** SUPPLIED DATA follows **

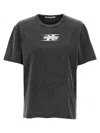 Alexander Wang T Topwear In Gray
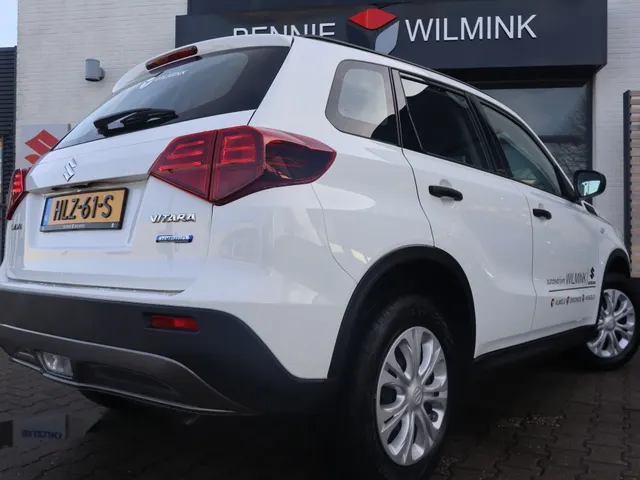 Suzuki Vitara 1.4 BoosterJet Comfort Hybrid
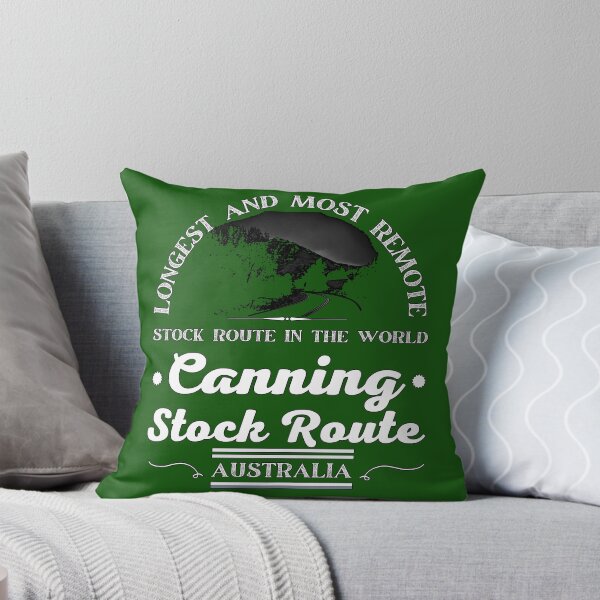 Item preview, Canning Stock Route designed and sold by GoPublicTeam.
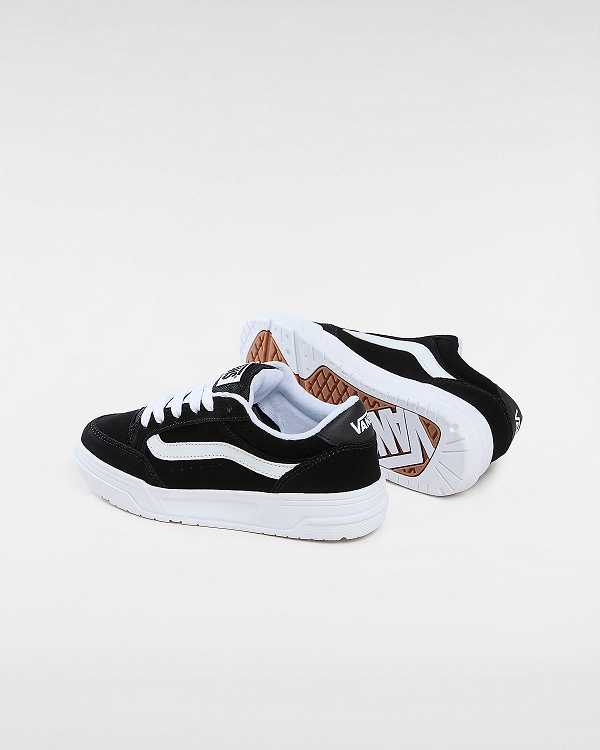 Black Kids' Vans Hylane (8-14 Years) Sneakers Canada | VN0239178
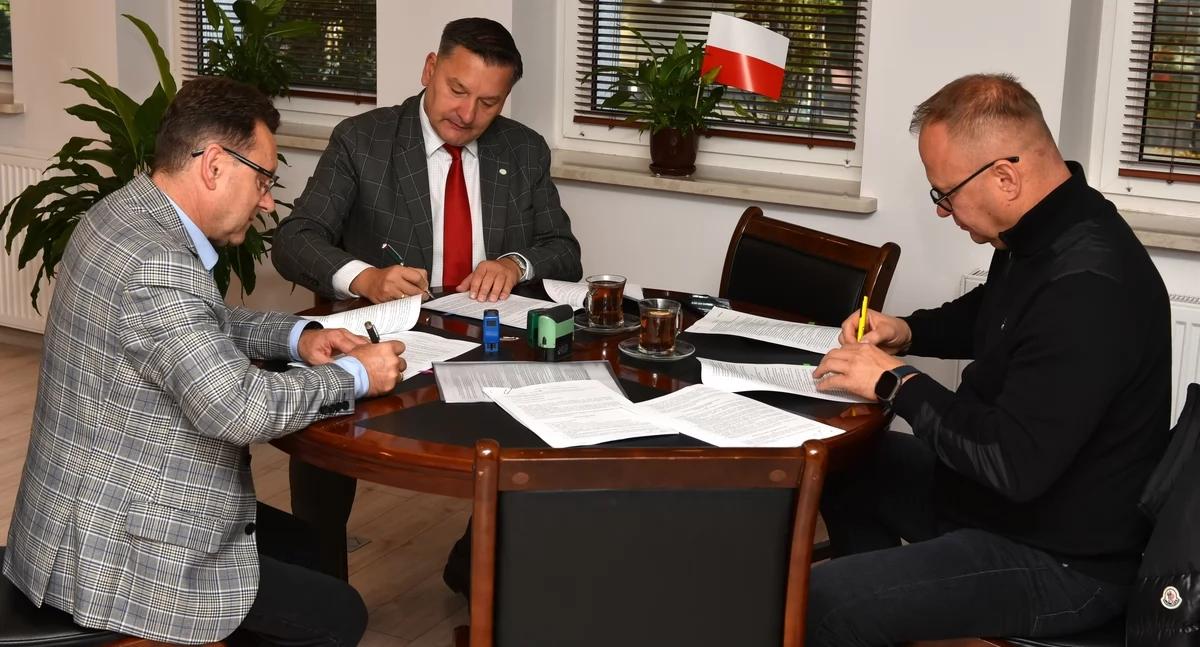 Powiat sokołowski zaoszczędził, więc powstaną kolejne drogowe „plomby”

** End of SUPPLIED DATA **
** SUPPLIED DATA follows **

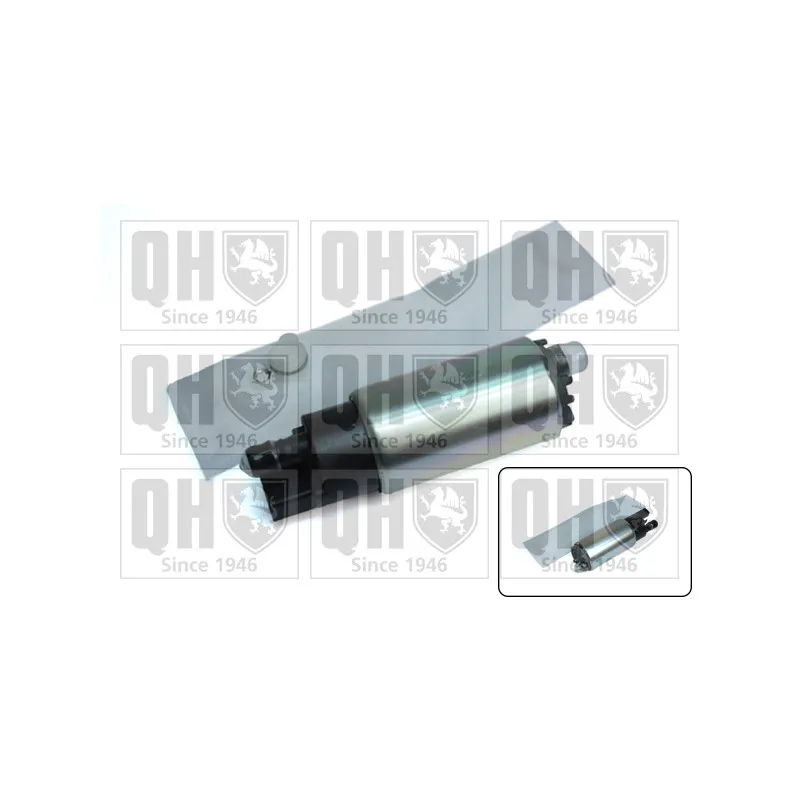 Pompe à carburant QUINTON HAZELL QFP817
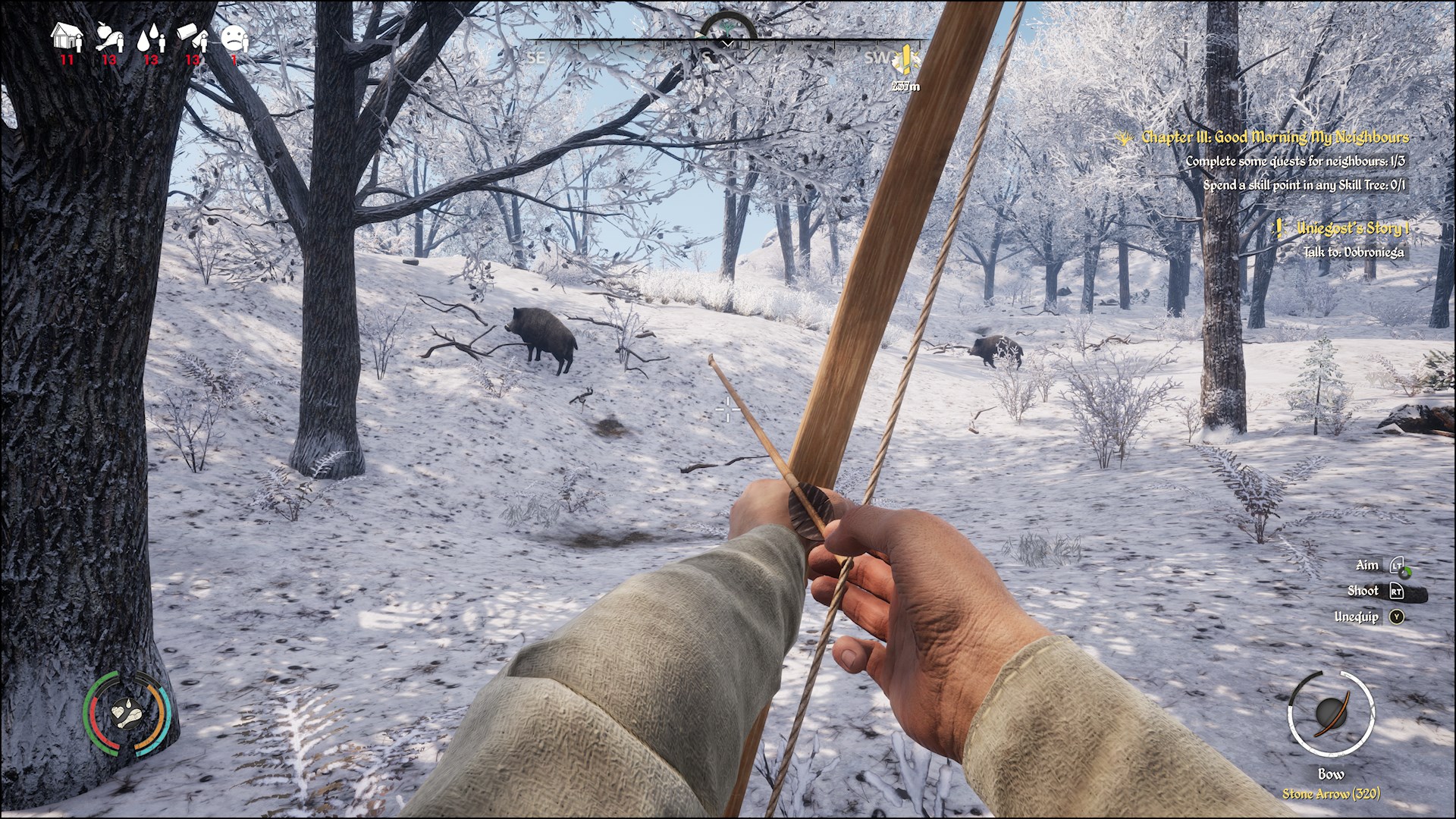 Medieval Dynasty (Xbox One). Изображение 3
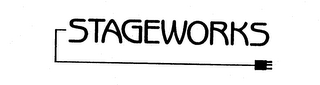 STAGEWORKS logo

** End of SUPPLIED DATA **
** SUPPLIED DATA follows **

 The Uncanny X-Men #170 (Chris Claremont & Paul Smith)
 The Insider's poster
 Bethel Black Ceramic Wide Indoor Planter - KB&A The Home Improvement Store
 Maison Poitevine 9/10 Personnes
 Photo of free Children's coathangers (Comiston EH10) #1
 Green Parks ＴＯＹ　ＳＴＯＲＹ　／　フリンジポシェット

** End of SUPPLIED DATA **

■ **YOUR ASSIGNMENT**
Give back, exactly as written, the stretch from the line with "The Uncanny X-Men" through the line with "Green Parks ＴＯＹ　ＳＴＯＲＹ　／　フリンジポシェット", and no other lines from the records above.

■ **SOLVED EXERCISE**
 The Uncanny X-Men #170 (Chris Claremont & Paul Smith)
 The Insider's poster
 Bethel Black Ceramic Wide Indoor Planter - KB&A The Home Improvement Store
 Maison Poitevine 9/10 Personnes
 Photo of free Children's coathangers (Comiston EH10) #1
 Green Parks ＴＯＹ　ＳＴＯＲＹ　／　フリンジポシェット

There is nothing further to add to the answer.